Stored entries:
-.-.-

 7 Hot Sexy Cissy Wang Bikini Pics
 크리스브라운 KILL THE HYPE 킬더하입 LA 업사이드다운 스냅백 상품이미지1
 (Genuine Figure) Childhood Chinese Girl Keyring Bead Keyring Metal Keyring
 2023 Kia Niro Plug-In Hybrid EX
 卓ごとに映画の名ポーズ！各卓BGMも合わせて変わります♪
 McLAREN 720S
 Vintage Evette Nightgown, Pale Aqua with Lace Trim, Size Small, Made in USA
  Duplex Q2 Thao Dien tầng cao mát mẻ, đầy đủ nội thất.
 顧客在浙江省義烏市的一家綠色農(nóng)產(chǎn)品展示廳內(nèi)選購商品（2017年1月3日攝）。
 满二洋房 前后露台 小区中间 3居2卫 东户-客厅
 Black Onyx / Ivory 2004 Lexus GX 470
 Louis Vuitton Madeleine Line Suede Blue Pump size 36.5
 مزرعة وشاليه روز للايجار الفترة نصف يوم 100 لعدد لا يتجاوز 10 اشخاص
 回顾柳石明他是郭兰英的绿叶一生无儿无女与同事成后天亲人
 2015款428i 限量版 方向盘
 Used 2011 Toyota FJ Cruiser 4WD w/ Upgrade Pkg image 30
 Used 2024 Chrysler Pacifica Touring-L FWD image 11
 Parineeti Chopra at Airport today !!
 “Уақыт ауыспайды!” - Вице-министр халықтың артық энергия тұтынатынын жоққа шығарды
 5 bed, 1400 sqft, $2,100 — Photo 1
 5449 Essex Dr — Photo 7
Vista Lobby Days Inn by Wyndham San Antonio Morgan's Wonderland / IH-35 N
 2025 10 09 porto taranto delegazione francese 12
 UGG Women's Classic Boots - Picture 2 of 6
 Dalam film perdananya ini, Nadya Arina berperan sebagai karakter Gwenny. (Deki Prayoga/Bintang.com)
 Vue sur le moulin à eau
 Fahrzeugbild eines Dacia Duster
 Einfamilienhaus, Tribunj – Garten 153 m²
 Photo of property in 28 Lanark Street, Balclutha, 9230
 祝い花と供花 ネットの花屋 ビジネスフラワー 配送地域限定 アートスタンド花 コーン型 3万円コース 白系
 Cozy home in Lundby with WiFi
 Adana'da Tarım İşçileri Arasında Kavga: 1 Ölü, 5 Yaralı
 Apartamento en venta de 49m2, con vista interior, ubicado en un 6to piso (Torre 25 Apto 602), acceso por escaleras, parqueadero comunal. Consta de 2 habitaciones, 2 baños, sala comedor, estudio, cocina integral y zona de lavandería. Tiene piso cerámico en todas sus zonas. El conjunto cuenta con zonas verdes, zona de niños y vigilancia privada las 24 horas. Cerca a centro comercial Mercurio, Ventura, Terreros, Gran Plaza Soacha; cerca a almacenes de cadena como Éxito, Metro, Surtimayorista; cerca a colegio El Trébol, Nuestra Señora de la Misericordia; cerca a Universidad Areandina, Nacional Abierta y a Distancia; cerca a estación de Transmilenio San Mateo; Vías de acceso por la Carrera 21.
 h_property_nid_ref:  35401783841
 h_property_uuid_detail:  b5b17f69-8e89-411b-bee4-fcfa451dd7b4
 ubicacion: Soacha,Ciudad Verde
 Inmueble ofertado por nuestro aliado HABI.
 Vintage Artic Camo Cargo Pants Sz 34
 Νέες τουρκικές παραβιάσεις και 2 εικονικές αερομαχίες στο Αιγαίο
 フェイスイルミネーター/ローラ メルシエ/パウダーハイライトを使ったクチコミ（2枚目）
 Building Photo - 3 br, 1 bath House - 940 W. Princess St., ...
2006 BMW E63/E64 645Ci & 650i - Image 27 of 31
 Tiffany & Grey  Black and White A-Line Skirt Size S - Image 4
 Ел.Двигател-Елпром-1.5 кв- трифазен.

-.-.-

• _Your task_
Repeat the whole of the data above exactly as it appears.

• _Solved problem_
 7 Hot Sexy Cissy Wang Bikini Pics
 크리스브라운 KILL THE HYPE 킬더하입 LA 업사이드다운 스냅백 상품이미지1
 (Genuine Figure) Childhood Chinese Girl Keyring Bead Keyring Metal Keyring
 2023 Kia Niro Plug-In Hybrid EX
 卓ごとに映画の名ポーズ！各卓BGMも合わせて変わります♪
 McLAREN 720S
 Vintage Evette Nightgown, Pale Aqua with Lace Trim, Size Small, Made in USA
  Duplex Q2 Thao Dien tầng cao mát mẻ, đầy đủ nội thất.
 顧客在浙江省義烏市的一家綠色農(nóng)產(chǎn)品展示廳內(nèi)選購商品（2017年1月3日攝）。
 满二洋房 前后露台 小区中间 3居2卫 东户-客厅
 Black Onyx / Ivory 2004 Lexus GX 470
 Louis Vuitton Madeleine Line Suede Blue Pump size 36.5
 مزرعة وشاليه روز للايجار الفترة نصف يوم 100 لعدد لا يتجاوز 10 اشخاص
 回顾柳石明他是郭兰英的绿叶一生无儿无女与同事成后天亲人
 2015款428i 限量版 方向盘
 Used 2011 Toyota FJ Cruiser 4WD w/ Upgrade Pkg image 30
 Used 2024 Chrysler Pacifica Touring-L FWD image 11
 Parineeti Chopra at Airport today !!
 “Уақыт ауыспайды!” - Вице-министр халықтың артық энергия тұтынатынын жоққа шығарды
 5 bed, 1400 sqft, $2,100 — Photo 1
 5449 Essex Dr — Photo 7
Vista Lobby Days Inn by Wyndham San Antonio Morgan's Wonderland / IH-35 N
 2025 10 09 porto taranto delegazione francese 12
 UGG Women's Classic Boots - Picture 2 of 6
 Dalam film perdananya ini, Nadya Arina berperan sebagai karakter Gwenny. (Deki Prayoga/Bintang.com)
 Vue sur le moulin à eau
 Fahrzeugbild eines Dacia Duster
 Einfamilienhaus, Tribunj – Garten 153 m²
 Photo of property in 28 Lanark Street, Balclutha, 9230
 祝い花と供花 ネットの花屋 ビジネスフラワー 配送地域限定 アートスタンド花 コーン型 3万円コース 白系
 Cozy home in Lundby with WiFi
 Adana'da Tarım İşçileri Arasında Kavga: 1 Ölü, 5 Yaralı
 Apartamento en venta de 49m2, con vista interior, ubicado en un 6to piso (Torre 25 Apto 602), acceso por escaleras, parqueadero comunal. Consta de 2 habitaciones, 2 baños, sala comedor, estudio, cocina integral y zona de lavandería. Tiene piso cerámico en todas sus zonas. El conjunto cuenta con zonas verdes, zona de niños y vigilancia privada las 24 horas. Cerca a centro comercial Mercurio, Ventura, Terreros, Gran Plaza Soacha; cerca a almacenes de cadena como Éxito, Metro, Surtimayorista; cerca a colegio El Trébol, Nuestra Señora de la Misericordia; cerca a Universidad Areandina, Nacional Abierta y a Distancia; cerca a estación de Transmilenio San Mateo; Vías de acceso por la Carrera 21.
 h_property_nid_ref:  35401783841
 h_property_uuid_detail:  b5b17f69-8e89-411b-bee4-fcfa451dd7b4
 ubicacion: Soacha,Ciudad Verde
 Inmueble ofertado por nuestro aliado HABI.
 Vintage Artic Camo Cargo Pants Sz 34
 Νέες τουρκικές παραβιάσεις και 2 εικονικές αερομαχίες στο Αιγαίο
 フェイスイルミネーター/ローラ メルシエ/パウダーハイライトを使ったクチコミ（2枚目）
 Building Photo - 3 br, 1 bath House - 940 W. Princess St., ...
2006 BMW E63/E64 645Ci & 650i - Image 27 of 31
 Tiffany & Grey  Black and White A-Line Skirt Size S - Image 4
 Ел.Двигател-Елпром-1.5 кв- трифазен.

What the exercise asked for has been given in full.